Market your Business to the Lender

When seeking a business loan, the business owner should provide the lender with marketing information about the operation, so that the lender will understand what the business contributes to the local economy and how the borrower attracts other parties to pay for that contribution – in other words, how the business draws in its customers. In doing so, the borrower must adequately define the business, describe how it's currently marketed, and detail future plans for continuing or expanding the operation's revenue base. This information should be compiled in a marketing summary or incorporated into an overall business plan.

The lender of necessity must be made aware of exactly what products and/or services the business offers. The borrower should describe not only what but also how these products or services are provided to the business's clientele. For instance, it's fairly easy to understand a company that sells, for example, salt and pepper shakers, but it takes a bit more study to comprehend and relate to a company that manufactures digitized, variable overdrive power supplies.

The lender should therefore be told precisely what the company does with its products or services. Does the operation manufacture, distribute, retail, resell, liquidate, remodel, research, or remanufacture the products? If services are sold, are they to provide research, information, analysis, advice, or solutions? The lender should be able to thoroughly understand the specific niche that the company serves as well as the particular market that the business addresses. Additionally, if the business owner can distinguish his or her operation as unique, the lender should be made to understand why it is discernibly different from the competition in the marketplace.

It's also incumbent upon the business owner to enlighten the lender as to just how the business operates. After defining the products or services, the borrower should explain exactly how the business manufactures, uses, sells, or provides them. In addition, the borrower should also expound upon the logical sequence of events that defines the normal course of the business's operation. The purpose in all of this is to educate the lender about what the company actually does, so that the lender can gain more insight and thereby (hopefully) be more responsive to what the borrower wants to do with the proposed funding.

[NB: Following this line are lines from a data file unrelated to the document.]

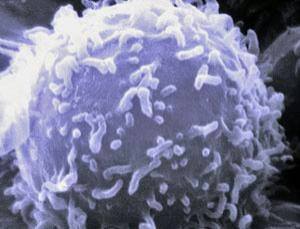 This is a t-cell.  My MS resides within my t-cells.  That is why we kill them with chemo.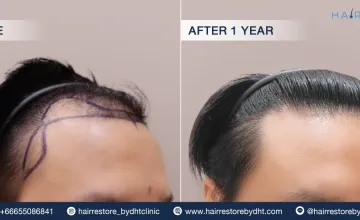 Before and After
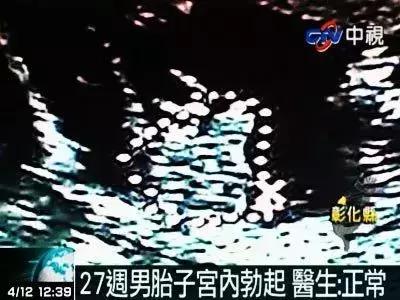 无知!坑娃!一个完全错误的“疾病”!居然还有专门的“诊室”!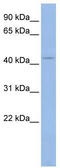 Potassium Voltage-Gated Channel Subfamily J Member 5 antibody, TA338512, Origene, Western Blot image 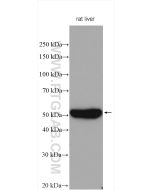 CYP3A4 Polyclonal antibody proteintech 18227-1-AP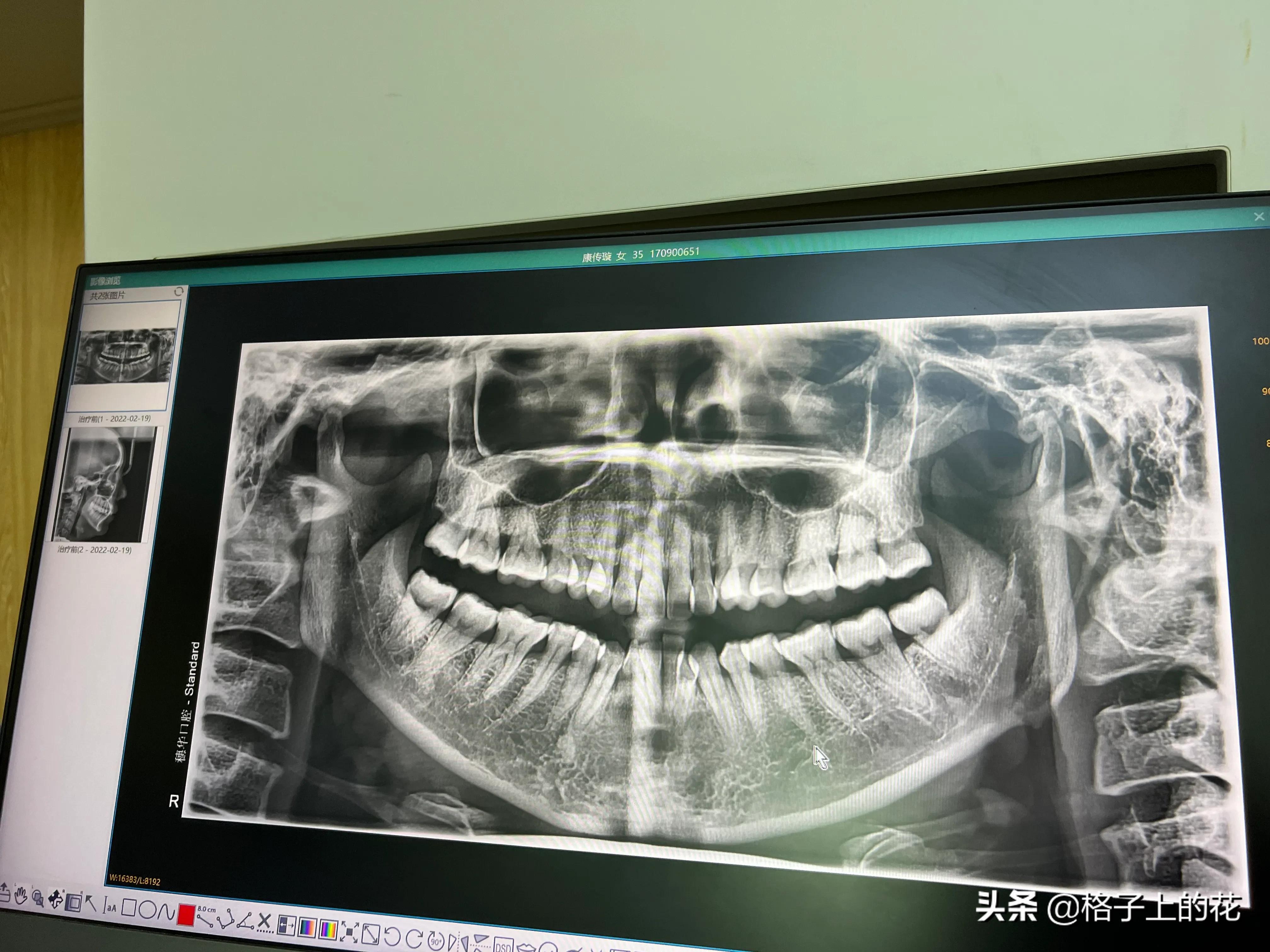 广州市正规的口腔医院,广州比较正规的口腔医院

Let's use a small bakery as a simple example. The owner of the bakery needs to make the lender understand that – as a regular course of business – it takes twenty minutes to prepare, fry, and glaze ten dozen doughnuts, but the bakery can sell fifteen dozen doughnuts in a span of twelve minutes. Knowing this, it's easy for the lender to appreciate why the borrower wants to acquire a larger capacity for producing doughnuts. We'll return to the bakery later.

It should be noted that two of the most important management tools available to a business owner are: 1) knowing who his or her customers are, and 2) what people can be turned into future customers. This information is crucial to not only the design of the product or service, but also to its pricing, the location of the operation, its capability to perform, and the strategic planning necessary to determine and achieve the business's goals. By sharing this information with the lender, the borrower – in addition to educating – conveys his or her own strength as a manager. Further, the information supports the request for financing because it engenders confidence within the lender that the borrower truly understands the dynamics of the market in which the company operates.

How does the business advertise? The borrower should include in the loan proposal package a description of the ways in which the company markets and advertises its goods or services. There's no particular right or wrong method in which to raise awareness about the business, but explaining the activities and media that the company uses for promotion provides a higher degree of credibility for the operation. The lender should be given copies of any print ads, flyers, brochures, promotional products, or other tangible items that have been distributed to advertise the business. The borrower can also provide a detailed report about media advertising, such as radio, television, yellow pages, billboards, signage, and the Internet. Other important avenues include civic organizations, trade associations and shows, community activities, contributions, sponsorships, youth sports leagues, fund-raising events, or any similar involvements through which the borrower has promoted the business.

Who is the competition? It's very important that the borrower identify other companies that provide the same products or services and that are trying to attract the same customers, and honestly assess the competitors' strengths, weaknesses, and advantages. The market position of each competitor should also be specifically stated. In explaining where the borrower stands in comparison, the particulars of the plan to maintain or increase market share can be brought to bear. The borrower should endeavor to explain to the lender the unique features of the marketplace and the opportunities that the borrower perceives there.

The lender will want to know particularly how revenues will be increased. Among the most important of all information that the borrower can give the lender is a marketing plan describing how the business will boost its revenues. If the loan proposal is to provide additional assets or capital to directly increase revenues, the borrower must support the proposal with a plan detailing exactly how such increases will be accomplished. Financial projections will provide a numerical measure of the revenue increases that the borrower predicts, but the marketing plan should define the basis for those predictions. In other words, the borrower must correlate to specific numerical increases the events that cause them. Revisiting our previous bakery example, if the loan enables the owner to produce an additional twenty dozen doughnuts per hour and the bakery can sell these doughnuts for eight hours each day at $3.00 per dozen, it follows that revenues will increase by $480 per day, or $14,400 per month, as calculated here:


20 dozen/hour x 8 hours/day = 160 dozen sold per day @ $3.00/dozen = $480/day x 30 days = $14,400/month

This type of detailed explanation and reasoning lends credibility and rationality to the borrower's financial projections. The process of scrutinizing and describing the correlation between the marketing efforts and financial results also communicates to the lender that the borrower understands both the operational capabilities and limitations of his or her business.